To protect AWS Lambda function, we should implement access control by resource policy. Also, instead of hard-coding sensitive data, use environment variable, SSM Parameter Store or AWS Secrets Manager.

To protect DynamoDB we should-

Use IAM roles to authenticate access to DynamoDB.
Use VPC Endpoint if we only need the access from within a VPC. In that case, we should add proper rules in network ACL and security group.
To store sensitive data, we should consider client side encryption. Also we can specify whether DynamoDB use AWS owned CMK (default) or an AWS managed CMK to encrypt user data.

To protect S3 we should-

Implement S3 bucket policy.
Implement S3 Access Control List.
Implement encryption at rest. There are three modes of server-side encryption - SSE-S3, SSE-C, SSE-KMS. Also, we can encrypt data at client side before sending to S3.
In the S3 bucket policy we can include encryption headers to deny uploading data without desired type of encryption. Also, we can deny S3 actions without SSL by condition.
Also, we can enable access logging for auditing purpose.

We can use AWS Web Application Firewall to protect resources.

We can use CloudFront distribution and AWS Shield Advanced to prevent DDoS attack.

As per Mr George Mao (Serverless specialist, AWS) the security best practices are-

Be aware to take advantage of AWS managed services to reduce the security burden.
Think about security end to end at each integration point in the distributed architecture.
Following the principle of least privilege, use narrowly scoped IAM permissions and roles to protect access to AWS services.
Create smaller Lambda functions that perform scoped activities and don’t share IAM roles between functions.
Protect data at rest and in transit by encrypting the data and using SSL.
Do not send, log, or store unencrypted sensitive data, whether it’s part of an HTTP request path/query string or standard output of a Lambda function. Encrypt what we write.
Audit the system for changes, unexpected access, unusual patterns, or errors.
To authenticate users, store their information in database as encrypted data or use Amazon Cognito.
Instead of managing multiple identities, use centralize identity management and privilege management using a serverless standard-based identity service.

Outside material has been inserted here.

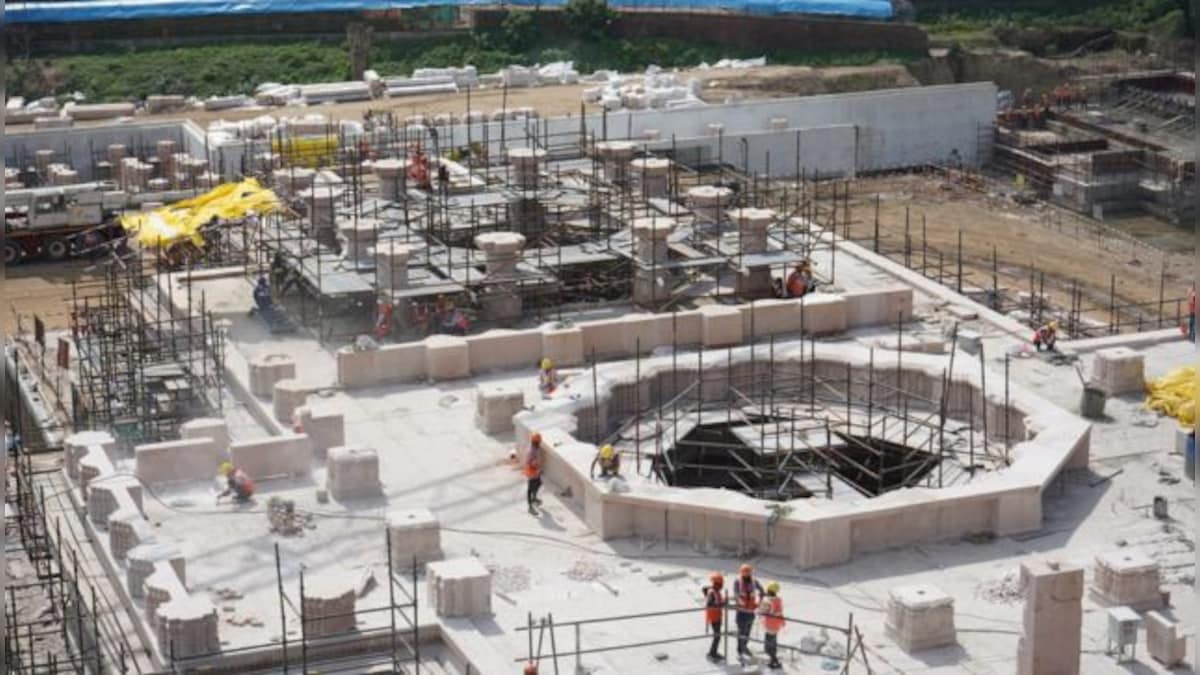 WATCH latest photographs of construction work of Ayodhya’s Ram temple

SAM & serverless deployment-

When we first begin to do lab with Lambda, API Gateway, DynamoDB etc we do this in the AWS Management Console. It is great for the beginner level but not ideal for real world production environments.

It’s like logging into the production servers and editing the files. This is not a recommended practice.

Also, in industry continuous update and changes are require due to customer requirements, fixing bugs, new features.

To successfully deploy serverless app we need-

The ability to audit and validate changes during deployment.
The ability to rollback a bad deployment into previous more stable version of the code.
The ability to deploy changes through a planned and automated process. First deploy the application into development environment, then into test and finally into production environment -this need to be automated with minimum human error.

For this we need to deploy serverless app with CICD tools.

Also, there are 2 key truths about serverless:

Developers need the ability to build and test code locally and
They need the ability to deploy code into a sandbox.

Both of these problems can be solved by using the AWS Serverless Application Model or SAM which is an extension of AWS CloudFormation that simplifies the work in deploying and building serverless applications. With SAM, we can create templates in YAML format to define Lambda functions, API Gateway APIs, DynamoDB tables and the serverless application from the AWS Serverless Application Repository.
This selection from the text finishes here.